TASK PROMPT:
Begin at the line containing "Магнитный трековый светодиодный" in the data below and go on through the line containing "Valentine's Special Rose Green Tea", repeating each line exactly; include both ends and no other line.

___

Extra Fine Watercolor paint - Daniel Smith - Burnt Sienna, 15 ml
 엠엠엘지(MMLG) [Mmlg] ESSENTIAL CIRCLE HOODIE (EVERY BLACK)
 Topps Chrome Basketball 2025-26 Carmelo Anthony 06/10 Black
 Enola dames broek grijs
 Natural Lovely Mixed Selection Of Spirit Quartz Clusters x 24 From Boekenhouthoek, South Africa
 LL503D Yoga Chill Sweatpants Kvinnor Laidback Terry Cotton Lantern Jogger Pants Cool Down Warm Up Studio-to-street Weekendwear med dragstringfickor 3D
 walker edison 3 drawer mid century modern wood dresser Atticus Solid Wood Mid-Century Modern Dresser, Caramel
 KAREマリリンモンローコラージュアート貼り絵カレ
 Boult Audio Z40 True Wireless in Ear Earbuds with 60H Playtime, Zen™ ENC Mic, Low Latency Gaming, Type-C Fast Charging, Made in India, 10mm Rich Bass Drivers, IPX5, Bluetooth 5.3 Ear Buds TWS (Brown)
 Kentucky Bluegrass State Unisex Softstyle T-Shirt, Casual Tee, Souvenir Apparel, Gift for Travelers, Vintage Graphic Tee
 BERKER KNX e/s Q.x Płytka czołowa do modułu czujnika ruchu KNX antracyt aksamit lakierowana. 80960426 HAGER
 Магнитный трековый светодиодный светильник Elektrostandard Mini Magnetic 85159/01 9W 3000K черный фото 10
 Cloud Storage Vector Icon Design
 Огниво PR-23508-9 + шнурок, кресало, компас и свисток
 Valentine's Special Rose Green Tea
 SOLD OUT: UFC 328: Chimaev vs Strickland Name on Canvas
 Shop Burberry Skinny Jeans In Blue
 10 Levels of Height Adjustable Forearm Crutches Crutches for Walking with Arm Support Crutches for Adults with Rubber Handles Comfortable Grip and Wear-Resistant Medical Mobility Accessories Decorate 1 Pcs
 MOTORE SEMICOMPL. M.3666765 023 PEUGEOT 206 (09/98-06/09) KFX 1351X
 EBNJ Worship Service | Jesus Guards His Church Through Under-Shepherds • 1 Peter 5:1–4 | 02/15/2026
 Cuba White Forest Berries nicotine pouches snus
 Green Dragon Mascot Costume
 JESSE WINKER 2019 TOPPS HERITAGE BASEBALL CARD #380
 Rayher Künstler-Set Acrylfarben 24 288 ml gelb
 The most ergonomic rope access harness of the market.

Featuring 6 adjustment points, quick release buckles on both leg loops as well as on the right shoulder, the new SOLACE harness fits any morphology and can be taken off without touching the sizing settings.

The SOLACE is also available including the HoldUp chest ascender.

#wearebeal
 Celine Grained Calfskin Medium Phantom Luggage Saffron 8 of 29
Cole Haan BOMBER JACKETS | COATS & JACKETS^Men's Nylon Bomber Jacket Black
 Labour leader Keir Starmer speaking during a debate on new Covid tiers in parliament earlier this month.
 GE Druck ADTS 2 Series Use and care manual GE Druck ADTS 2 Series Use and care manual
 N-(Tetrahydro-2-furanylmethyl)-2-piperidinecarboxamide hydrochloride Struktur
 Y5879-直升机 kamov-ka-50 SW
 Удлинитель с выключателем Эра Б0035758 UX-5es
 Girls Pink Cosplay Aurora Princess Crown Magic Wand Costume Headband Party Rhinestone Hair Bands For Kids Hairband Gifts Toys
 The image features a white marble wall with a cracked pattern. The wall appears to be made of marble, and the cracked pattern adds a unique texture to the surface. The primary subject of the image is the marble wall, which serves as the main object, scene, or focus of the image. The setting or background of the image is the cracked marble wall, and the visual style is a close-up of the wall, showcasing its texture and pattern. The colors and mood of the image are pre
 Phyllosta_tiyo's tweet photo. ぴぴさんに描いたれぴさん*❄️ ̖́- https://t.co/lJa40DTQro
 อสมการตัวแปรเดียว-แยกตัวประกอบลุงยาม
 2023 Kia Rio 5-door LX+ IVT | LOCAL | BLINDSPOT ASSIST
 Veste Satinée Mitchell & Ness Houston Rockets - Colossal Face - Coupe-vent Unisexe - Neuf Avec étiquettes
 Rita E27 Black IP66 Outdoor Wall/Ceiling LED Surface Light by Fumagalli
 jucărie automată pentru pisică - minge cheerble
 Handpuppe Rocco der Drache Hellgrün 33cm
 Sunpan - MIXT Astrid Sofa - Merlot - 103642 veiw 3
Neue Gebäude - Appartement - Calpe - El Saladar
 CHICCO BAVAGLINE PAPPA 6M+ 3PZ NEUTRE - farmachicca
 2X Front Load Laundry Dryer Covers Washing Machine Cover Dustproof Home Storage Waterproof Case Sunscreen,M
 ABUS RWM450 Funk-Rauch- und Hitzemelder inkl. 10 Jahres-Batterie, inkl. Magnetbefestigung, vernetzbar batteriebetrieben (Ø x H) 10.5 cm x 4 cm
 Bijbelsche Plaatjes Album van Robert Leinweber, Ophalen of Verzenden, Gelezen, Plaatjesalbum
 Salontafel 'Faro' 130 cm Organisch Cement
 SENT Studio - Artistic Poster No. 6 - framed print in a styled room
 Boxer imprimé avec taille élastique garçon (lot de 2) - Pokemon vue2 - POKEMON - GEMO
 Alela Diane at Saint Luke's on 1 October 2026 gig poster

___

ANSWER SECTION:
 Магнитный трековый светодиодный светильник Elektrostandard Mini Magnetic 85159/01 9W 3000K черный фото 10
 Cloud Storage Vector Icon Design
 Огниво PR-23508-9 + шнурок, кресало, компас и свисток
 Valentine's Special Rose Green Tea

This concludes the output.